Friday, 31 October 2008

Application specific database engines.

I've already written about the fact that databases are increasingly being created to support a single application and Michael Stonebraker has written about the drivers for multiple types of database engines. However, these trends extend much deeper than that.

When packaged applications or services need a storage solution, choosing a traditional relational database system is not necessarily the first choice. Many document management systems, workflow systems, CRM solutions, application servers, etc. exist with their own specialized storage systems. This enables these applications' developers to build a storage engine to meet their own very specific requirements which in turn means that a lot of unnecessary overhead and complexity can be removed from the storage component to deliver the application consistent high performance.

A great example of this that exists on the web is Facebook and the approach that it takes to storing and serving the enormous number of photos that they hold. If you take a look at the presentation needle in a haystack: efficient storage of billions of photos then you'll see how they've built a database engine for images driven by some extreme scaleability requirements.
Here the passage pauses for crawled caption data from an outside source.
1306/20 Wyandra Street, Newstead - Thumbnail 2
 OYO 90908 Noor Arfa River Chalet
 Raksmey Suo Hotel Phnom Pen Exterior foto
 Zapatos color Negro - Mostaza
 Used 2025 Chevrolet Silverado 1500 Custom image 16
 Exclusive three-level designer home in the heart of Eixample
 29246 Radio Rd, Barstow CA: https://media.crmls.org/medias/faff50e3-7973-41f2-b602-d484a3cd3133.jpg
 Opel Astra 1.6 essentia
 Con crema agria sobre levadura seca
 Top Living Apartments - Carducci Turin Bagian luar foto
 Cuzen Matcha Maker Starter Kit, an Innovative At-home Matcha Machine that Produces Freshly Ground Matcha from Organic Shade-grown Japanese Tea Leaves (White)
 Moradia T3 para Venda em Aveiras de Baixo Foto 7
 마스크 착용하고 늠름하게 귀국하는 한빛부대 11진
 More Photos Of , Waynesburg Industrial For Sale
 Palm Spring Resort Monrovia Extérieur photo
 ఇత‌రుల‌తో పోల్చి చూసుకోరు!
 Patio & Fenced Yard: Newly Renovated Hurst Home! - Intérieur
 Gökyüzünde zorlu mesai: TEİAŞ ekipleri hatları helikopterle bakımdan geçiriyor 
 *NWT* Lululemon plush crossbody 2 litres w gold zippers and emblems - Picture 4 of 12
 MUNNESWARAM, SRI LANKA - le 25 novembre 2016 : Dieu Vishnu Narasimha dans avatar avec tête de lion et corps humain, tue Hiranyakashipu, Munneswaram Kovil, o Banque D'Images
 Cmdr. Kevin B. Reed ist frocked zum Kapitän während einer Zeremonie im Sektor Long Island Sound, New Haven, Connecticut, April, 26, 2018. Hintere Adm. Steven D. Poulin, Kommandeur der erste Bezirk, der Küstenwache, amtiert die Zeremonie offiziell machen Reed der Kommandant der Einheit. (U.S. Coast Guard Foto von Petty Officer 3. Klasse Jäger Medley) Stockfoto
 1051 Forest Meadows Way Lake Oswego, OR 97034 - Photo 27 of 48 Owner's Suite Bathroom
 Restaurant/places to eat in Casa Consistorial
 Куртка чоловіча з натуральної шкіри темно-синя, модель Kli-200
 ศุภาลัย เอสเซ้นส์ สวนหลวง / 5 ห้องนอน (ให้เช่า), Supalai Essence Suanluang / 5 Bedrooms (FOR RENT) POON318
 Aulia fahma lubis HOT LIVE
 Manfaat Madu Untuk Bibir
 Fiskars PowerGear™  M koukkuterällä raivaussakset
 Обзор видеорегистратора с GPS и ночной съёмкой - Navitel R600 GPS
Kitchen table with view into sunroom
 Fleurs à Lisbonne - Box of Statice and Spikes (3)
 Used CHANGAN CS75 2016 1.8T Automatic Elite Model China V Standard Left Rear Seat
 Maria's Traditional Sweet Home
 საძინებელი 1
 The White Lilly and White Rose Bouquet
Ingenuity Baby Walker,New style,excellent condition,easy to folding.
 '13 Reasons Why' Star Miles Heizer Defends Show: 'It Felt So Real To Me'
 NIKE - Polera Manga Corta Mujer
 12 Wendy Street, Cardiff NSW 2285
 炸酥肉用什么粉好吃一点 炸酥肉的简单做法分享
Could they have used a traditional database? ...No. They wouldn't have been able to meet been their performance criteria. They needed to ensure that every I/O that was made was necessary.

Even when a traditional database engine is involved, there can be database-like code sitting in the application to extend the capabilities of the underlying database engine. Database sharding is a good example of this. In this approach, data is federated over a collection of cheap servers to increase scalability and performance. Typically the applications that use sharding have the code that distributes the data over the shards and combines the results from the shards within their application code. I've used similar techniques myself before most of the commercial database engines starting supporting partitioning and clustering natively. (Something that MySQL - which most of the sharding practitioners seem to use - has only just started to support.)

Now, not all applications need to go to the extremes of building or augmenting a database storage engine, but for those that just aren't getting enough out of an off-the-shelf database solution, more and more brave souls seem to be taking on the challenge.